▸ **Records provided**:
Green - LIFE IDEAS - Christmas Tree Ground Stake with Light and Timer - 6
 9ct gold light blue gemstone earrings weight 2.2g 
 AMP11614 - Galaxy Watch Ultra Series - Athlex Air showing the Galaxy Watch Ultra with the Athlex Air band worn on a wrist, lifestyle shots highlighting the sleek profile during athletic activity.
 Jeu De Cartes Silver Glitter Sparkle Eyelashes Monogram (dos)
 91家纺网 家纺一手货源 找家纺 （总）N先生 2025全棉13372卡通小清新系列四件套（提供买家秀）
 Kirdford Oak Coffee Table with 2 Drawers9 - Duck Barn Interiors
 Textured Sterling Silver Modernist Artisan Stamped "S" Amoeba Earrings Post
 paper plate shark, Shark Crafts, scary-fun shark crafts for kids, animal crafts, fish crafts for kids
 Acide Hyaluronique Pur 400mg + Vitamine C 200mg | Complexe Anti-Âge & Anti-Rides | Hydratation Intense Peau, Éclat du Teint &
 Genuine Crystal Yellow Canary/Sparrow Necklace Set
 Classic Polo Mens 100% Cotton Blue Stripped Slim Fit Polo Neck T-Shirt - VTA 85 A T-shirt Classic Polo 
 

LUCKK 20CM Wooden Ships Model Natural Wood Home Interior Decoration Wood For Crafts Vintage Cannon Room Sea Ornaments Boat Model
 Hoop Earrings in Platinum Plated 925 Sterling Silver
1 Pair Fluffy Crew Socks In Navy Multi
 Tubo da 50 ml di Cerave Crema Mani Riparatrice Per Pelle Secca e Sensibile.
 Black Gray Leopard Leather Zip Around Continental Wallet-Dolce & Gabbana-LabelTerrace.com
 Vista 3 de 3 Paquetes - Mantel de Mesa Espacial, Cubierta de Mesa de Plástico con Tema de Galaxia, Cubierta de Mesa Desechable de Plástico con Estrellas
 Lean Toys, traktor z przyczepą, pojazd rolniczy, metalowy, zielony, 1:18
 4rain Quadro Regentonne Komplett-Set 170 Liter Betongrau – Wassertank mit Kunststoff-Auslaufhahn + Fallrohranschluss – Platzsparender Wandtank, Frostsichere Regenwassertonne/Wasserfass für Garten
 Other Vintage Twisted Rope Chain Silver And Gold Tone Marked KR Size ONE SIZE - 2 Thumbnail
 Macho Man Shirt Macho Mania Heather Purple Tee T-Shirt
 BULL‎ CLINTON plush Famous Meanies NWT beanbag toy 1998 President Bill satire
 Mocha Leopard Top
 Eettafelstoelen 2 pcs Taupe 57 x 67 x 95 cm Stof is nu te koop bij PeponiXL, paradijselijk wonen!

▸ **Brief**: Pull out every line of the entries that includes the word "Silver".

▸ **Exercise result**:
 Jeu De Cartes Silver Glitter Sparkle Eyelashes Monogram (dos)
 Textured Sterling Silver Modernist Artisan Stamped "S" Amoeba Earrings Post
 Hoop Earrings in Platinum Plated 925 Sterling Silver
 Other Vintage Twisted Rope Chain Silver And Gold Tone Marked KR Size ONE SIZE - 2 Thumbnail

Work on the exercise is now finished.